Contexte[modifier | modifier le code]

Le 3 décembre 1564, Ivan le Terrible quitte Moscou, sans désigner personne pour conduire l'État, et va s'installer au faubourg d'Aleksandrov avec la tsarine Maria Temrioukovna, les tsarévitchs et tous les familiers de la cour. Le 3 janvier 1565, il adresse au métropolite de Moscou, Athanase, une missive dans laquelle il décrit les trahisons des boyards et annonce son intention d'abdiquer.

Une délégation, composée du métropolite, de boyards et de marchands, se rend à Aleksandrov pour lui demander de revenir sur le trône. Ivan pose une seule condition, que l'on accepte de lui laisser un pouvoir illimité. Le clergé doit donc renoncer à son droit d'intercéder en faveur de personnes tombées en disgrâce, et les boyards aux garanties d'une justice équitable. La délégation accepte la condition et, un mois plus tard, le tsar rentre à Moscou.

La mise en place de l'opritchnina[modifier | modifier le code]

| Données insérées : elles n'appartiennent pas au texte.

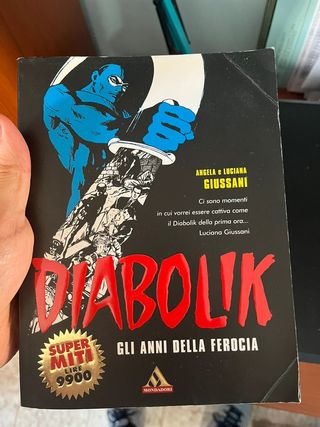 Lotto Fumetti Diabolik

Le même mois, un oukase du tsar divise la Moscovie en deux territoires : la zemchtchina conserve l'ancienne administration tsariste et l'opritchnina (la « réserve ») où Ivan IV détient un pouvoir sans limites. Par la même occasion, il crée les opritchniki, une troupe d'élite qui doit lui obéir au doigt et à l'œil. Ces hommes vêtus de noir, que le peuple appelle la troupe satanique, ont un balai et une tête de chien accrochés à leur selle. Ils sont menés par des boyards qui ne jurent que par Ivan. Ils ont pour nom Alexis Basmanov, Athanase Viazemski et Maliouta Skouratov.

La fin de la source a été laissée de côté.